2/ sur la forclusion

La Sas [1] se fondant sur l'article L.1234-40 du code du travail, expose que le salarié a signé son solde de tout compte le 24 juillet 2020 et qu'à défaut de l'avoir dénoncé dans le délai de 6 mois, soit jusqu'au 24 janvier 2021, ou d'avoir saisi le conseil de prud'hommes dans le délai de trois ans à compter de la rupture de son contrat de travail, sa prétention est irrecevable pour cause de forclusion.

Monsieur [S] [A] répond que le solde de tout compte n'a un effet libérateur, au-delà de 6 mois après sa signature, que s'il comporte un inventaire précis des sommes versées, mais qu'en l'espèce, il ne comprend qu'une somme globale sans aucunement détailler les sommes de nature salariale.

3/ Sur la prescription

La Sas [1], se fondant sur l'article L.3245-1 du code du travail, soulève la prescription de l'action du salarié en ce qu'il a saisi le conseil de prud'hommes plus de trois ans après « la connaissance des faits lui permettant d'exercer son recours » dès lors que ses prétentions portent sur la période de juillet 2017 à juillet 2020. Elle précise que le salarié a reçu chaque mois ses bulletins de paie et que sa sortie des effectifs remonte au 24 juillet 2020.

Monsieur [S] [A], se fondant sur l'article L.3245-1 du code du travail, expose que même s'il est sorti des effectifs de l'entreprise le 24 juillet 2020, il n'a eu connaissance de la réalité des heures supplémentaires accomplies que le 5 juin 2023 lors de la réception des fichiers de téléchargement des données électroniques contenues dans sa carte-conducteur.

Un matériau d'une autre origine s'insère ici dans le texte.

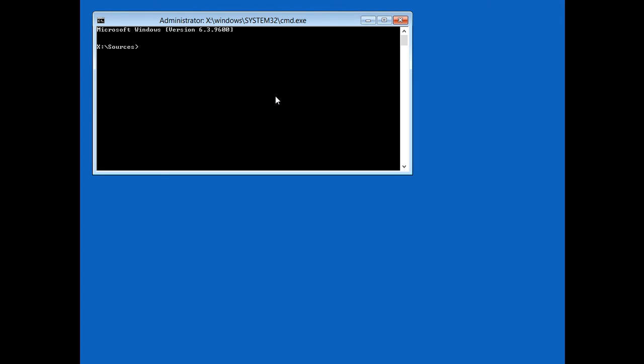What we're going to do is type in bootrec.exe then space slash fixmbr. Hit enter and it will say this operation is completed successfully.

Il en déduit que le point de départ du délai de prescription doit être fixé à cette date. Il ajoute que selon l'article L.3245-1 du code du travail, la demande peut porter sur les sommes dues au titre des trois années précédant la rupture du contrat de sorte qu'il est bien fondé à former des prétentions de juillet 2017 à juillet 2020.

4/ Sur le fond

Monsieur [S] [A] sollicite le paiement d'une indemnité à défaut d'avoir disposé du repos compensateur obligatoire. Il soutient que les rapports d'activité établissent qu'il a accompli 1967 ,84 heures de travail en 2018 de sorte qu'il peut prétendre à un repos compensateur de 3 jours (indemnisation de 376,74 = 11,96 x 10 heures 30 x 3 jours), et qu'il a accompli 1769,19 heures de travail en 2019 de sorte qu'il peut prétendre à un repos compensateur de 3 jours (indemnisation de 493,29 = 15,66 x 10 heures 30 x 3 jours).

La Sas [1], se fondant sur les articles 6, 9 et 40 du code de procédure civile, répond que la demande du salarié n'est étayée par aucun élément de droit ou de fait et qu'aucun élément ne permet de comprendre et d'expliquer le détail de ses calculs.

Sur ce

Sur la recevabilité de la prétention

Selon l'article R.1453-1 du code du travail, la procédure prud'homale est orale.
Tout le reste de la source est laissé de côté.